SYCAMORE – A special treat was waiting for South Prairie Elementary School students when they crept into the school’s darkened library one January morning.

In the middle of the library sat a giant igloo of empty milk jugs, lit up with seven strands of red and blue lights and surrounded by books.

The students were ecstatic.

“It was absolutely fantastic,” said South Prairie librarian Sue McCue.

The igloo, comprising more than 400 milk jugs, is one of the ways the librarians at South Prairie Elementary School, 820 Borden Ave., Sycamore, try to make reading more appealing to students from kindergarten to fifth grade.

“We do anything we can to encourage the kids to read more,” McCue said.

During their library time Thursday, more than 20 third-graders carried around flashlights in the dark, reading books throughout the library. Many students took their books and flashlights inside the igloo to read.

McCue said she got the idea from one of her fellow reference librarians at the Sycamore Public Library. McCue and Tammy Johnston from the Sycamore Public Library, Sycamore School District 427 art teacher Ross Martin and South Prairie Elementary School technology specialist Joe McCormick all worked to build the igloo.

The secret behind its construction was plenty of hot glue, McCue said. As the milk jugs slowly started to pile in for the project and the igloo construction began, the students started to bring in the jugs more quickly, eager to see the final product.

Third-grader Tyler Hartmann said the best part about the igloo is its structure.

“It’s pretty cool how it was made,” he said.

Tyler wasn’t the only one who was amazed by the masterpiece. Classmate Abby Johns said she likes the idea that so many students contributed to the construction of the igloo, as well.

“It was made by everyone,” she said. “Everyone brought in the milk jugs.”

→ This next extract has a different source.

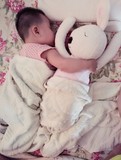 睡觉安抚小兔子大人宝宝睡觉抱枕毛绒玩具陪睡兔公仔布娃娃可拆洗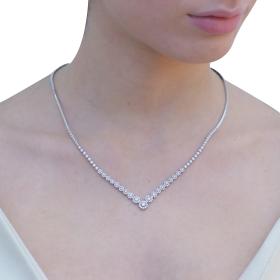 Περιδέραιο Λευκόχρυσος Κ18 με Ζιργκόν SKU-76423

Abby said she not only enjoyed having the igloo in the library but also liked reading the books that surrounded the igloo. Books such as “Antarctic Antics,” “Recess at 20 Below” and “Look Inside an Igloo” have given students the opportunity to learn more about igloos and their surrounding environment.

As part of the school’s Scholastic Book Fair next week, McCue and the other librarians will transform the igloo into a giant brain to go along with the theme of “Reading Gives You Super Power.”

They will paint the igloo and label it with tissue paper to represent the different parts of the brain. She said the students will have the opportunity to read inside the brain, too.